Under the third assignment of error, the defendant-appellant argues that the assignment of the lease by Ardosa to Montinola did not appear in a notarial instrument and that therefore the trial court erred in ordering that the lease be entered upon the certificate of title. There is not much force in this argument; if the court had jurisdiction, the judgment itself would be sufficient warrant for the entry of the corresponding memorandum, but inasmuch as the term of the lease has already expired, the entry in question is unnecessary and the judgment must be modified accordingly. In this connection it may be well to call attention to the fact that under the last paragraph of section 112 of the Land Registration Act, petition for amendments or alterations of certificates of title which includes the entry of a memorandum must be "filed, and entitled in the original case in which the degree of registration was entered," and upon that ground it may have been error to order such an entry in the present proceedings.

The defendant's fourth assignment of error is well taken. The trial court may possibly have been misled by paragraph 2 of article 1806 of the Civil Code, but that paragraph applies only to cases where "the nullity arises from illegality of the consideration or the purpose of the contract" (Civil Code, art. 1305). The provision applicable to the present case is found in article 1303 which reads as follows:

"When an obligation has been adjudged void, the contracting parties shall restore to each other the things which have been the subject-matter of the contract, together with their fruits, and the price paid therefor, together with interest, without prejudice to the provisions of the following articles."

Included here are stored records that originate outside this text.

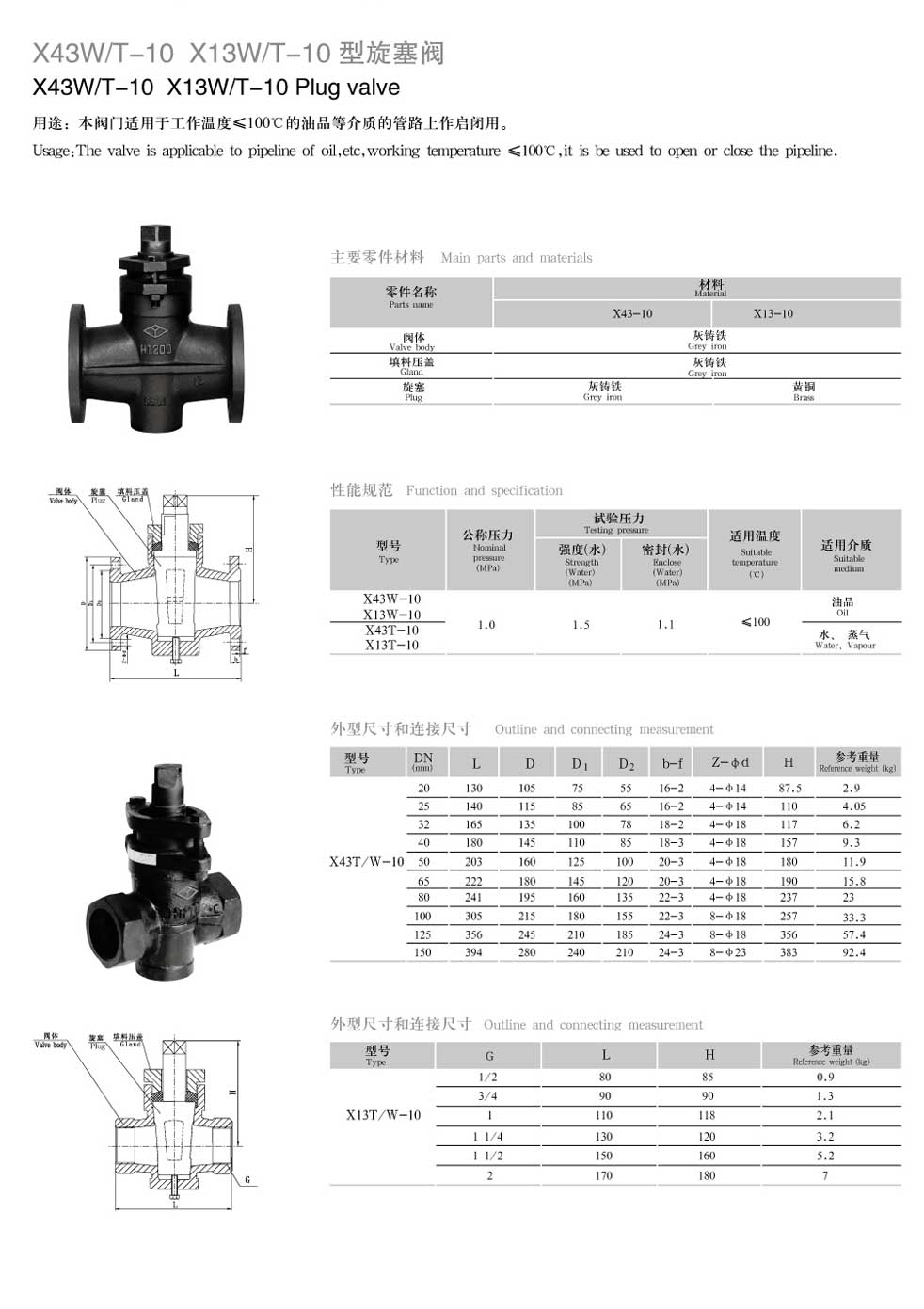 武汉远大旋塞阀X43W-10/X13W-10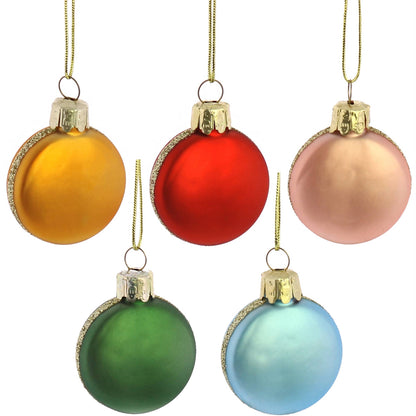 Set of 5 Macaroon Ornaments - Gold, Red, Blue, Green, Pink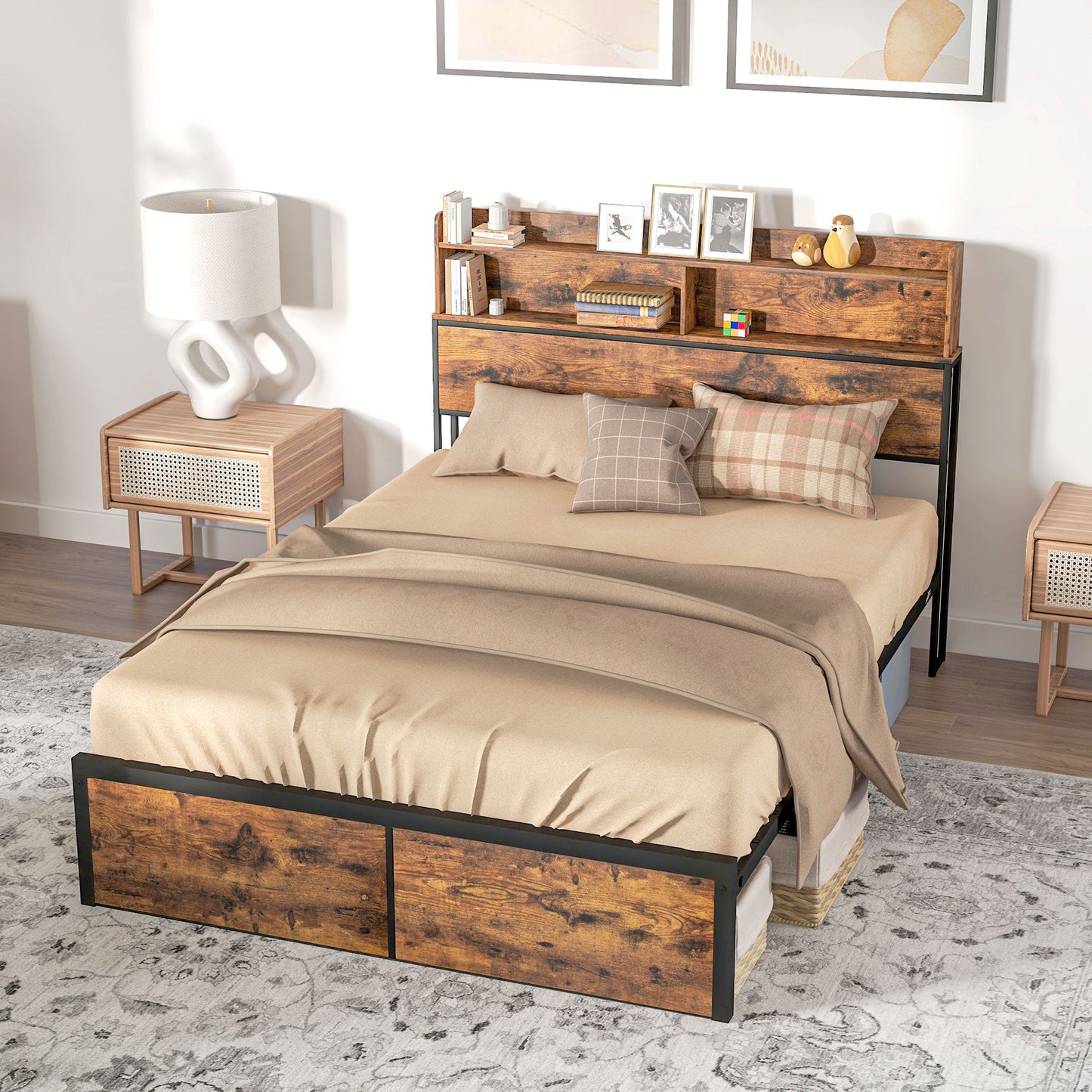 HOMCOM Industrial Double Bed Frame, 4.8FT Steel Bed Base with Storage Headboard, Footboard, Slatted Support and Under Bed Storage, 145 x 209cm, Rustic Brown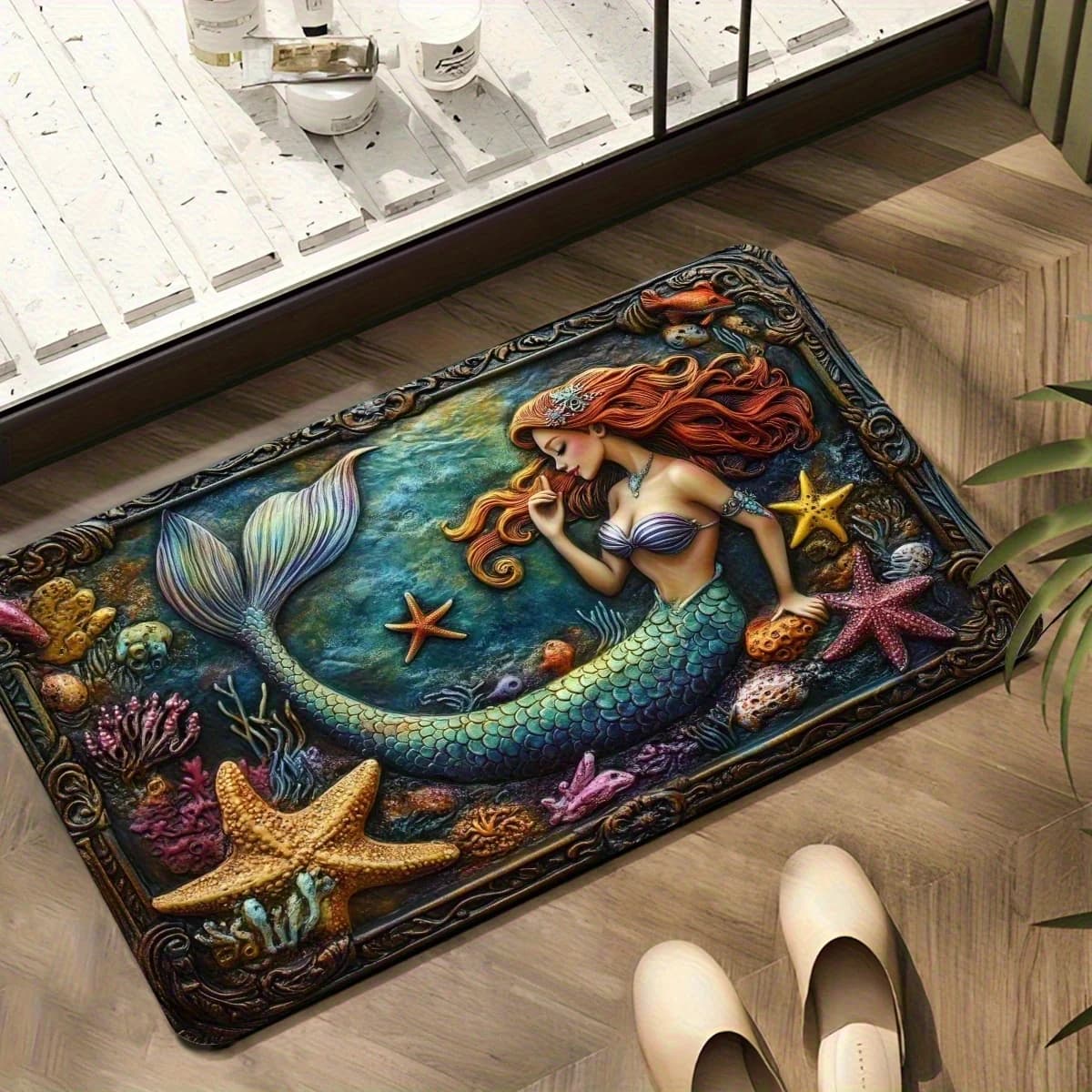 Tappetino da bagno Sirena Sea Life, tappeto per porta antiscivolo super assorbente, tappeto a tema oceano ad asciugatura rapida per l'arredamento del pavimento del bagno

The court below therefore erred in holding that the defendant was not entitled to reimbursement for his payments to the National Bank and for taxes.

For the reasons stated, the judgment appealed from is affirmed in so far as it holds that the defendant was bound to respect the lease from Antonia Gustilo to Vicente Ardosa and the sublease to Felix Montinola, declares the sale of the plantation by the plaintiffs Mercedes Gustilo and Leopoldo Jereza to the defendant rescinded, and awards to Felix Montinola the sugar produced on the plantation during his receivership or the money received from the sale of such sugar. In all other respects, the judgment is reversed.

It is hereby ordered that the defendant have and recover judgment against the plaintiffs Mercedes Gustilo and Leopoldo Jereza, jointly and severally, for the sum of P1,253,19 for payments made op their behalf to the National Bank and for the further sum of P573.74 for taxes paid, all with interest at the rate of 6 per cent per annum from February 23, 1923, the date of the filing of the defendant's cross-complaint and counterclaim. The defendant-appellant shall pay the costs of both instances. So ordered.

Avanceña, C. J., Johnson, Street, Malcolm, Johns, Romualdez, and Villa-Real, JJ., concur.